If the user wants to add a derived, low-passed subwoofer to their system, the Slate Control stereo version (standard model) can do this easily and at-will on any speaker pair. The LFE output is taken from a sum of the control room out. This is called a "derived sub." There is a low-pass filter, a phase flip, and level control.
The surround unit adds the option of a discrete LFE input from your DAW or console, and add the ability to switch between discrete and derived subs.
Sometimes the terms "LFE" and "SUBWOOFER" are used interchangeably but they are different in a few key ways. For many users, LFE implies a discrete send and SUBWOOFER implies a derived send. We have chosen to use the "LFE" nomenclature on the Slate Control to describe both discrete and derived signals, as both exist on the surround version. The stereo version has a derived subwoofer only and does not accept a discrete LFE input.

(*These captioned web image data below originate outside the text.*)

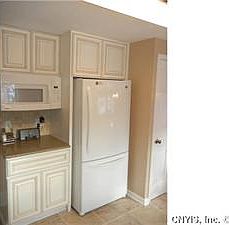 5th image of 101 Cedar Heights Dr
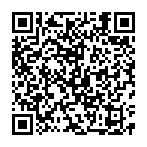 www.houseinfo.tw房屋網-找蘆竹電梯華廈-QRCode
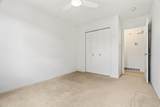 308 2050 - Photo 27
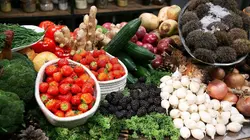 Top chef S13E05 Episode 5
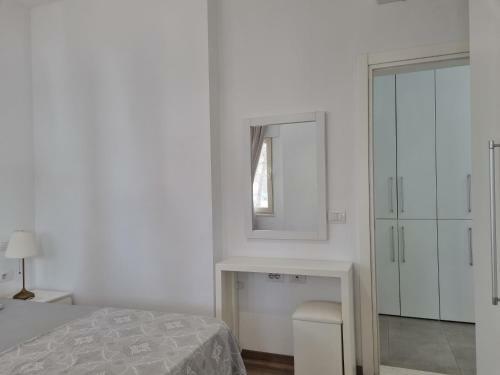 Perla Apartment In Lalzit Bay - 146
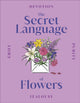 Book cover of: Secret Language of Flowers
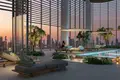 2 bedroom apartment 84 m² Dubai, United Arab Emirates
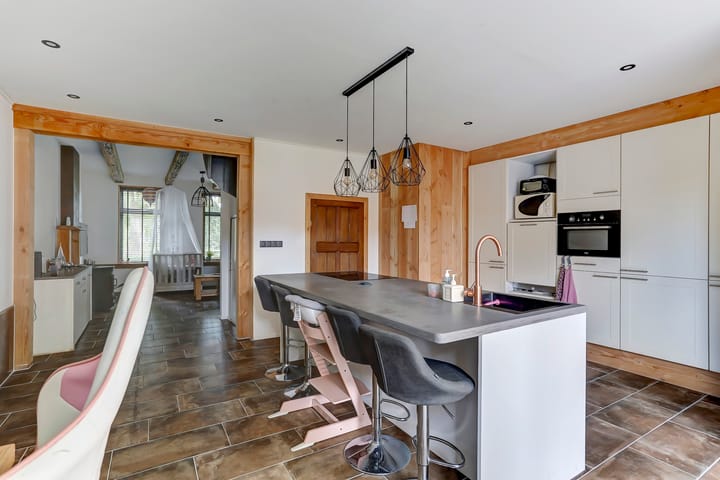 Foto 5 van Zuidweg 2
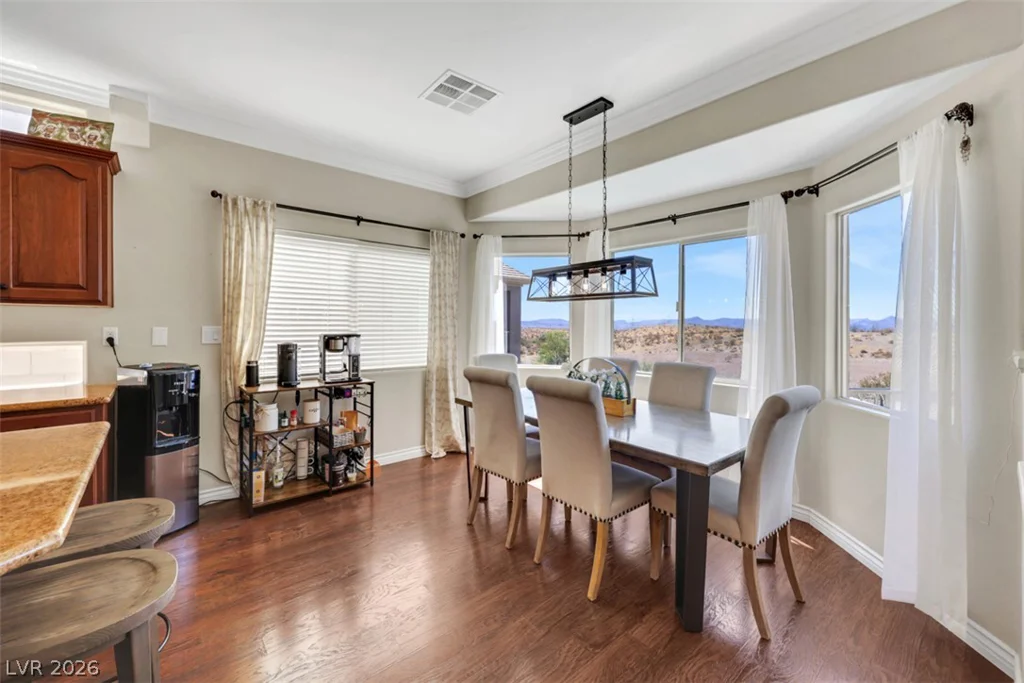 545 Opal, Boulder City, NV 89005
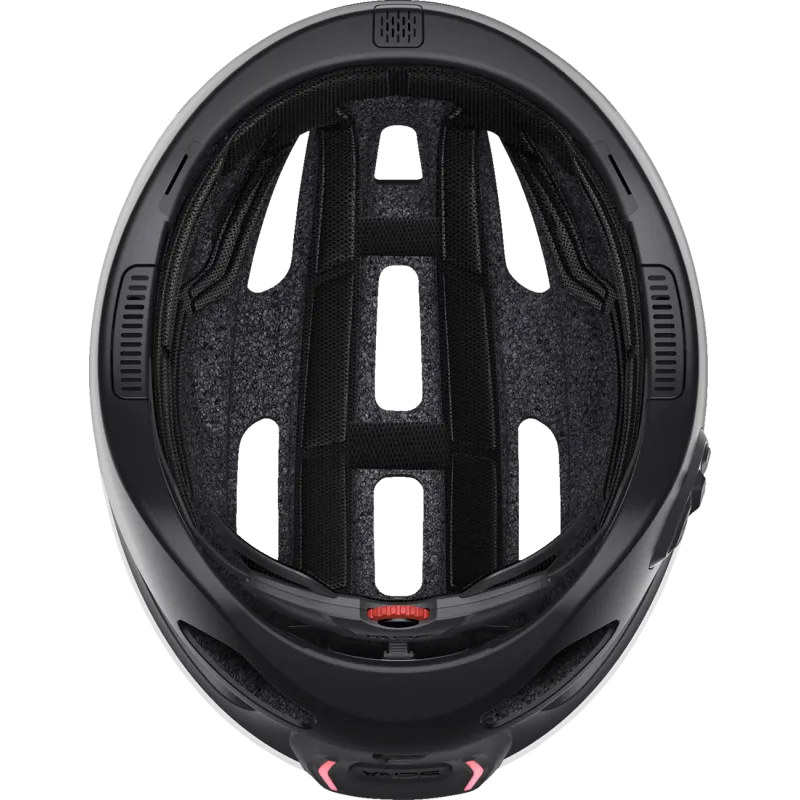 Sena R1 EVO MTB Helmet with Mesh Intercom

The mains are not high-passed by the LFE circuit in any way. This is important so that users can retain the full range of their monitors and add the low-passed sub, in the manner that many studios and listeners prefer. This also allows the sub to be calibrated with acceptable accuracy across several speaker pairs, without changing the sound of the speakers and ensuring that the fundamental tone of the monitor doesn't change when adding the sub temporarily. When a user wants to create an extended-frequency response full-range pair that is perfectly calibrated, we recommend building that system _after_ the Slate Control and treating it as a single pair. I will be happy to provide diagrams.
The LFE can be added to any of the three speaker outs at-will by toggling the "LFE" switch above the speaker selector.